340 000 quarts de travail aux agences privées
Elles empochent encore des millions de dollars chaque mois en contrats
Les agences privées ont obtenu plus de 340 000 quarts de travail dans les établissements de santé des régions de Montréal et de Québec entre avril et décembre 2023, un rythme effréné qui remet en doute l’objectif du gouvernement de les bannir d’ici octobre prochain.
Dès le 20 octobre prochain, les Centres intégrés de santé et de services sociaux (CISSS) de Montréal, Laval, Montérégie et de la Capitale-nationale ne pourront plus du tout faire appel aux agences privées, avait annoncé le ministre de la Santé, Christian Dubé, il y a un an.
Malgré cet ultimatum, les établissements continuent d’être dépendants de la maind’oeuvre indépendante (MOI) pour faire rouler le réseau, comme le montrent les données obtenues par Le Journal d’avril à décembre dernier grâce à la loi sur l’accès à l’information.
ENCORE BEAUCOUP DE QUARTS
Au total, au moins 343 670 quarts de travail ont été octroyés à des agences privées pour embaucher des infirmières, infirmières auxiliaires ou préposés aux bénéficiaires. En décembre seulement, 38 463 quarts ont été payés au privé. Ces chiffres ne sont même pas complets, puisque des établissements n’ont pas répondu à notre demande.
Fait inquiétant : le nombre de quarts de travail n’a pas diminué dans plusieurs CISSS à la fin de l’année 2023, ce qui laisse difficilement entrevoir la fin du privé. En Montérégie-ouest, 13 166 quarts de travail ont été octroyés en MOI seulement en décembre dernier, un record depuis avril.

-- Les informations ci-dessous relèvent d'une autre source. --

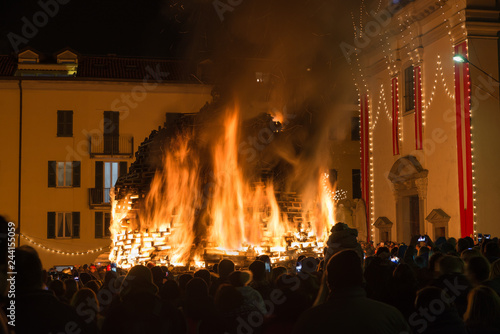 Bild auf Leinwand Big bonfire at night. Bonfire of Saint Anthony, Varese, Italy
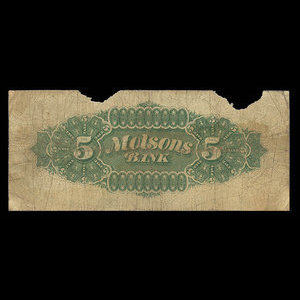 Canada, Molsons Bank, 5 dollars : 3 janvier 1893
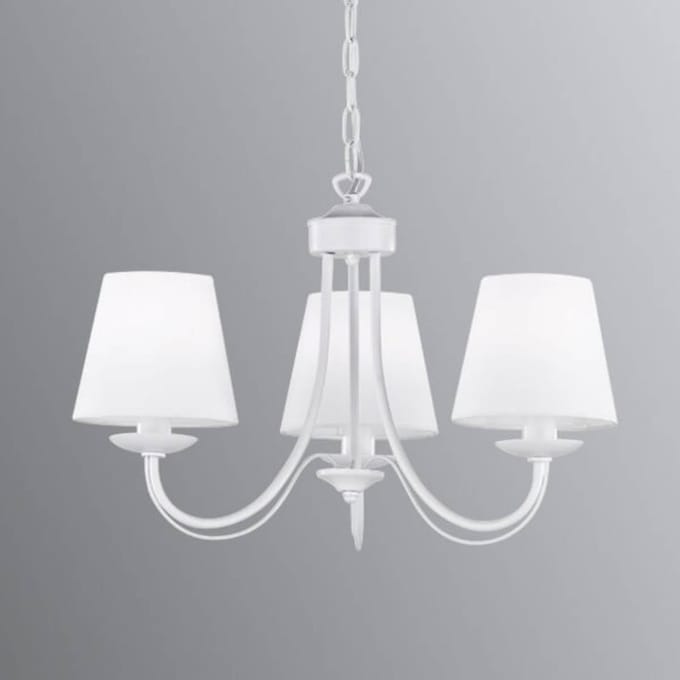 Trio Lighting Kroonluchter Cortez, wit, 3-lamps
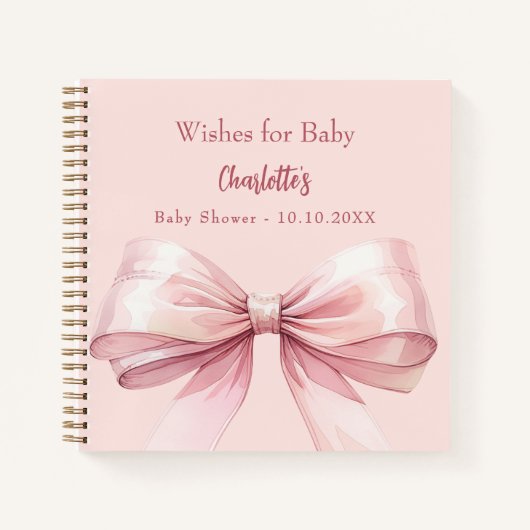 Gästebuch Baby Dusche Rosa Bugmädchen wünscht Notizblock (Vorderseite)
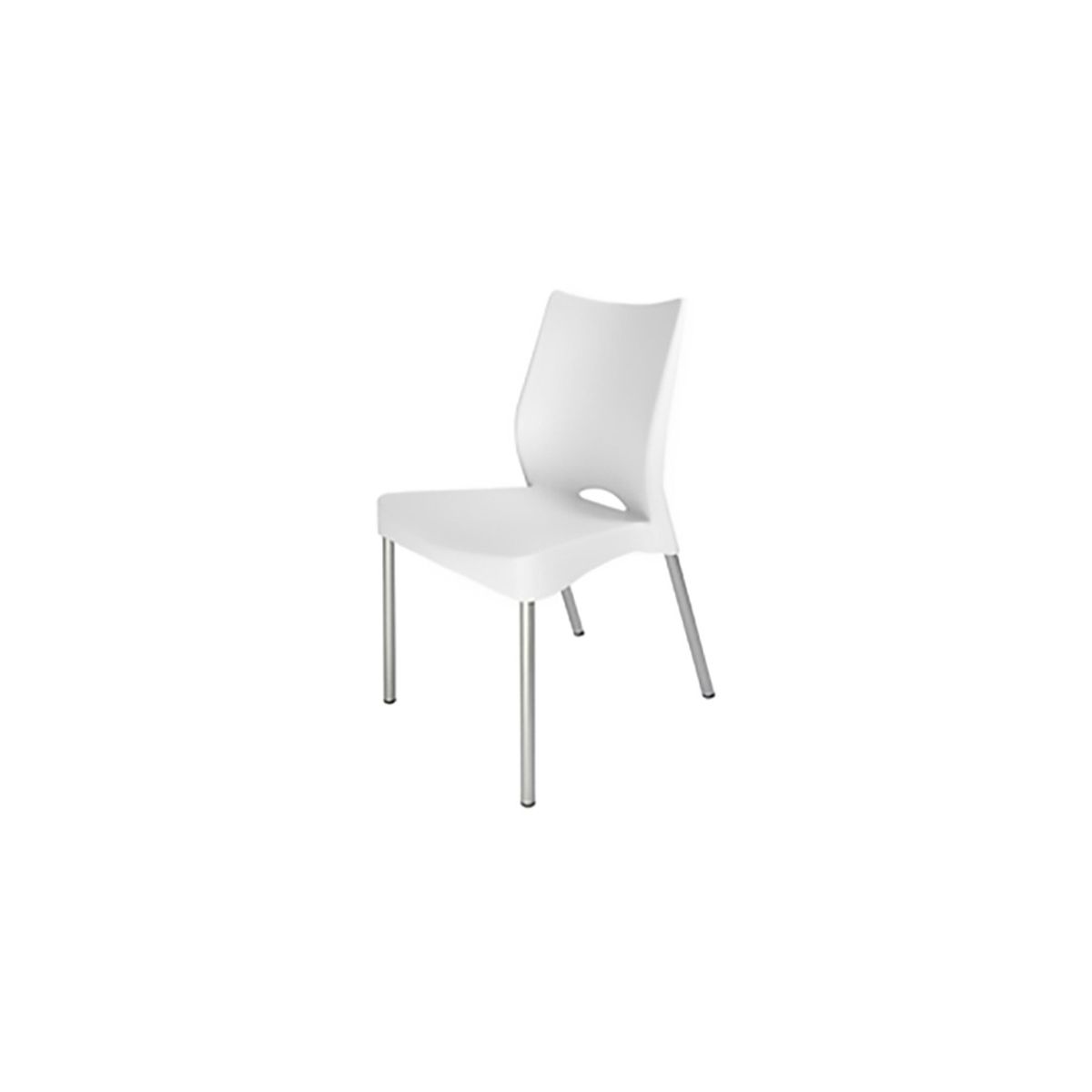 DVP - Silla Plástica Blanca Con Patas Metálicas Y Filtro Uv Dvp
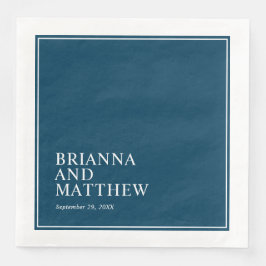 Einfache klassische Doppelrahmen in Navy Blue und  Serviette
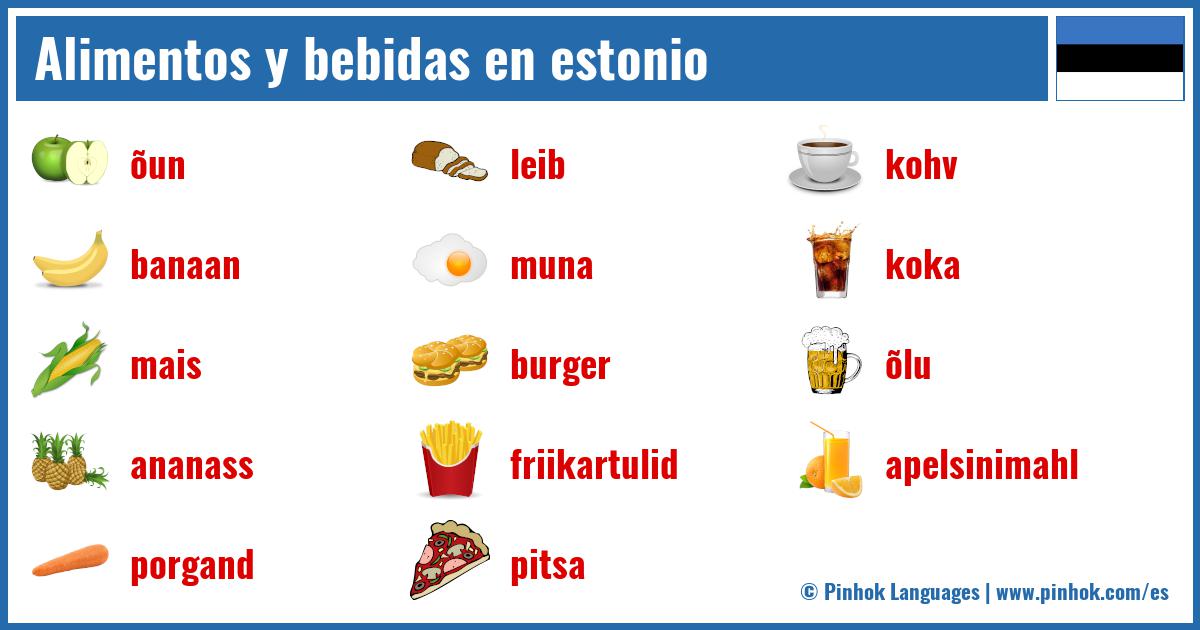 Alimentos y bebidas en estonio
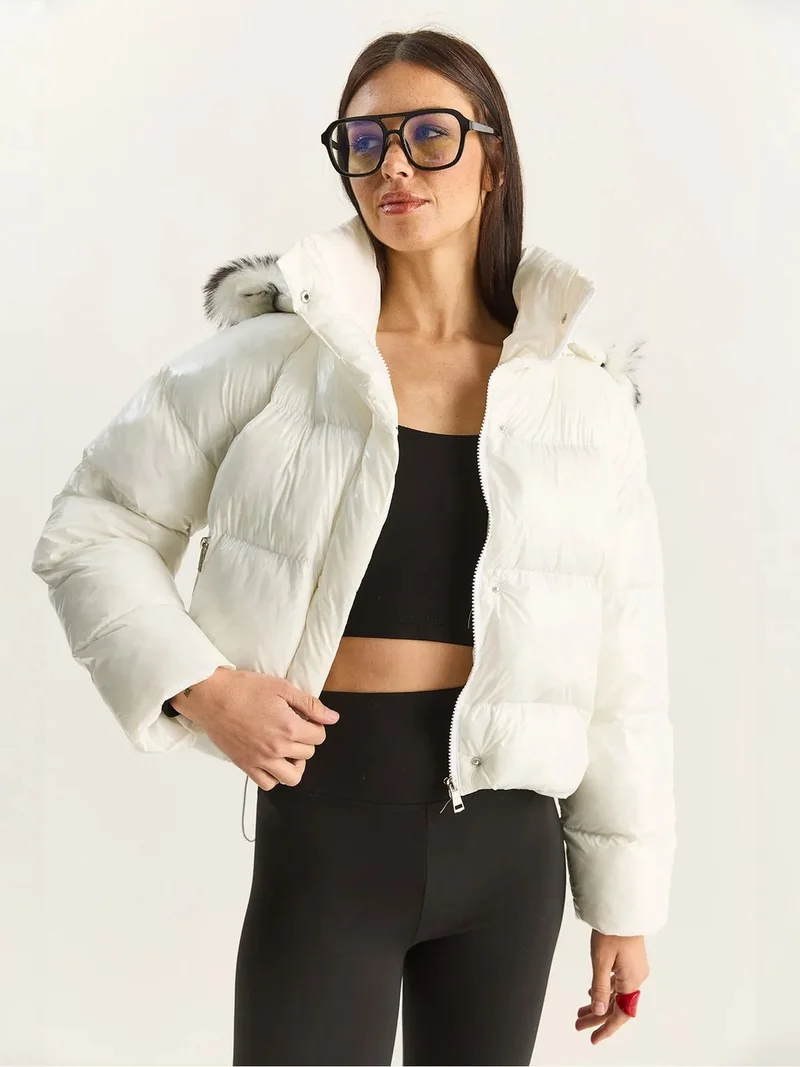 Bianco Lucci LUCCI Hooded Puffer Down Coat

« Ça va être un défi énorme. Il va falloir prendre des grands moyens, recruter du monde, avoue Régis Blais, professeur spécialisé dans les politiques de santé à l’école de santé publique de l’université de Montréal. Est-ce qu’ils vont réussir ? Ça va être très difficile, je ne crois pas que ça va arriver. »
« On croit qu’abolir les agences, c’est un bon pas. Est-ce que ça peut se faire d’ici octobre ? J’ai mes réserves », avoue aussi Xavier Gauvreau, vice-président des Médecins québécois pour le régime public (MQRP).
La facture totale pour les agences privées a atteint 227 383 757 $ durant cette période. Encore une fois, ce chiffre est partiel.
« RENVERSER L’HÉMORRAGIE »
Le syndicat FSSS-CSN a récemment entériné une entente avec le gouvernement pour reconnaître jusqu’à cinq ans d’ancienneté aux employés du privé qui reviennent au public. Le plus gros syndicat d’infirmières (FIQ) n’a pas encore conclu d’entente. La FIQ a d’ailleurs refusé d’accorder une entrevue au Journal au sujet de la MOI.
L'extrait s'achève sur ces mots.